We create a laplacian stack for each reference image. We also create a gaussian stack for the mask image that we will use to blend the two images. We use a gaussian sigma starting at 1 doubling with each layer for each stack. We recalculate the gaussian kernel size at each layer to be 6*sigma + 1. We recreate the image from Figure 3.42 in Szeliski's book draft, Computer Vision: Algorithms and Applications. This is done by multiplying layers 0, 2, 4 of the laplacian stack with the respective layers of the mask gaussian stack and then adding them together. The apple layers get multplied by the mask layers while the orange layers get multiplied by 1 minus the mask layers. We then display the resulting images.

Recombined image of the apple and the orange, with the laplacian stacks masked shown. Laplacian stack images were normalized by subtracting the minimum value and dividing by the maximum value minus the minimum value.

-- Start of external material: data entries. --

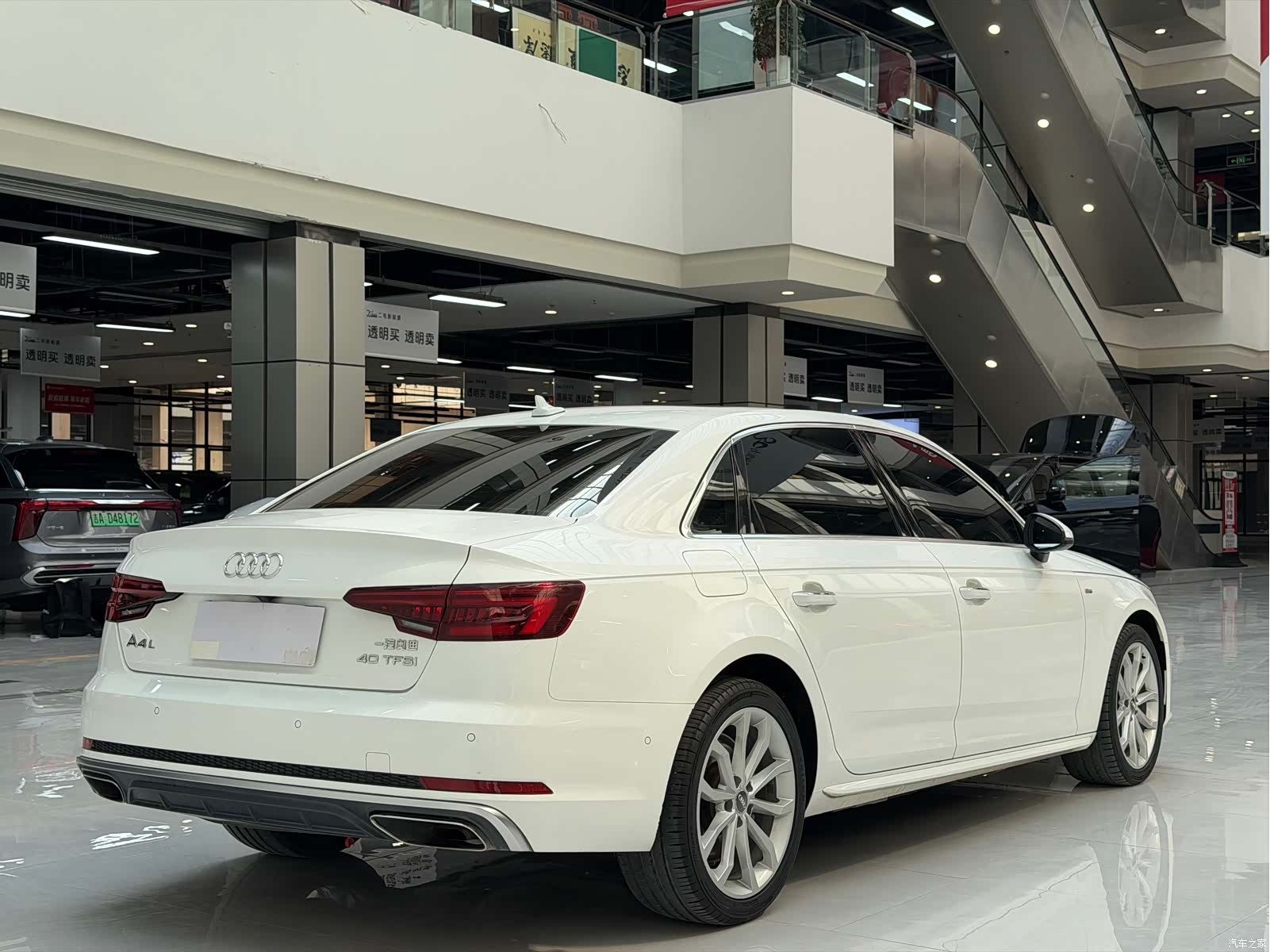 Audi A4L, 2019 7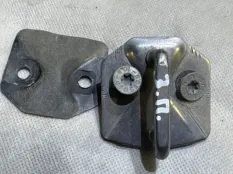 Петля замка двери Ford Focus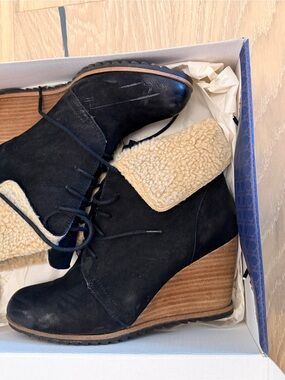Caslon Black Wedge Ankle Boots with Cream Shearling Cuff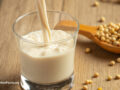 Soja con un vaso de leche de soja al lado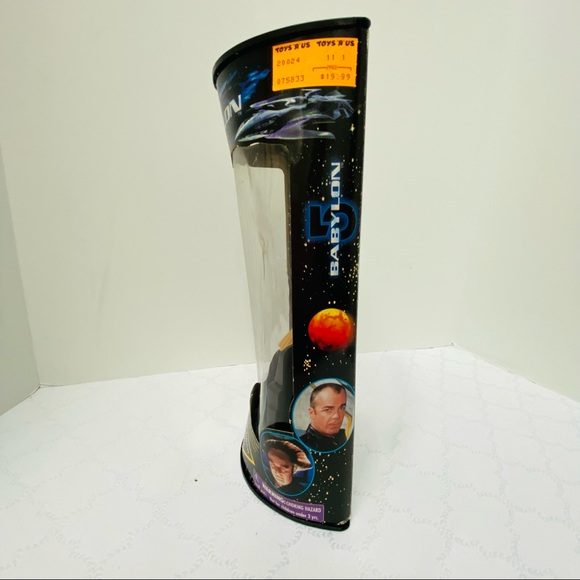 1997 Babylon 5 Commander Susan Ivanova Black Uniform Exclusive Premiere Series - Picture 4 of 9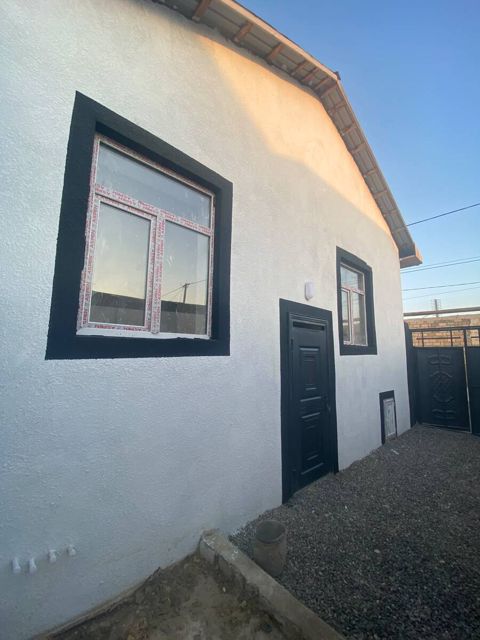 Satılır 3 otaqlı həyət evi/bağ evi 80 m² — Bakı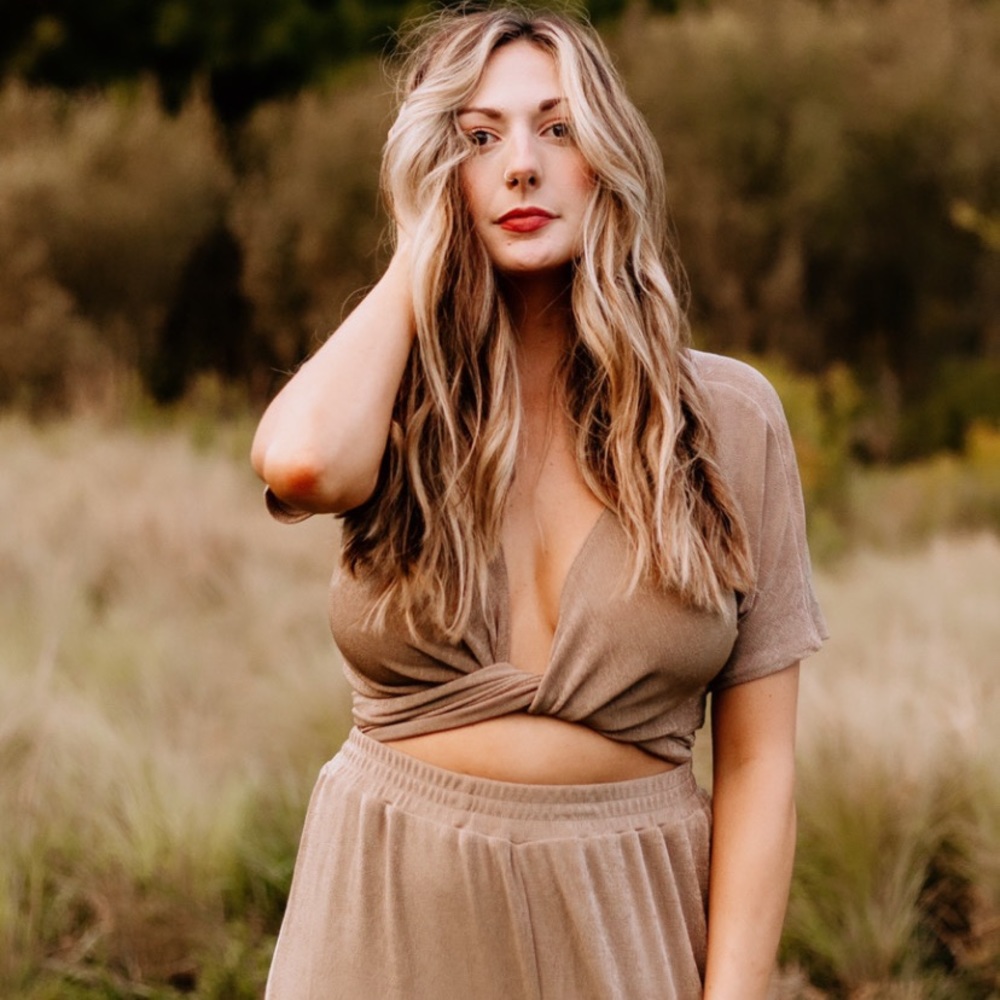 Meet your Posher, Rachel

Part 2.4: Multiresolution Blending

In this part, we blend two images together using the same multiresolution approach as described in the previous part. In this part, I made the mask images of interesting shapes, or in the case of the orange and apple, I made the transition in the center of the image linear to make the blended result look smoother. The results and masks are shown below.

Recombined image of the apple and the orange, with the mask image.

Recombined image of cheese and the moon, with the original images andmask image.

Recombined image of cheese and the moon, with the laplacian stacks masked shown. Laplacian stack images were normalized by subtracting the minimum value and dividing by the maximum value minus the minimum value. Layers 0, 2, 4, are shown here, with the same process as described for the oraple example.

Recombined image of the character Domo and a chocolate popsicle, with the original images and mask image.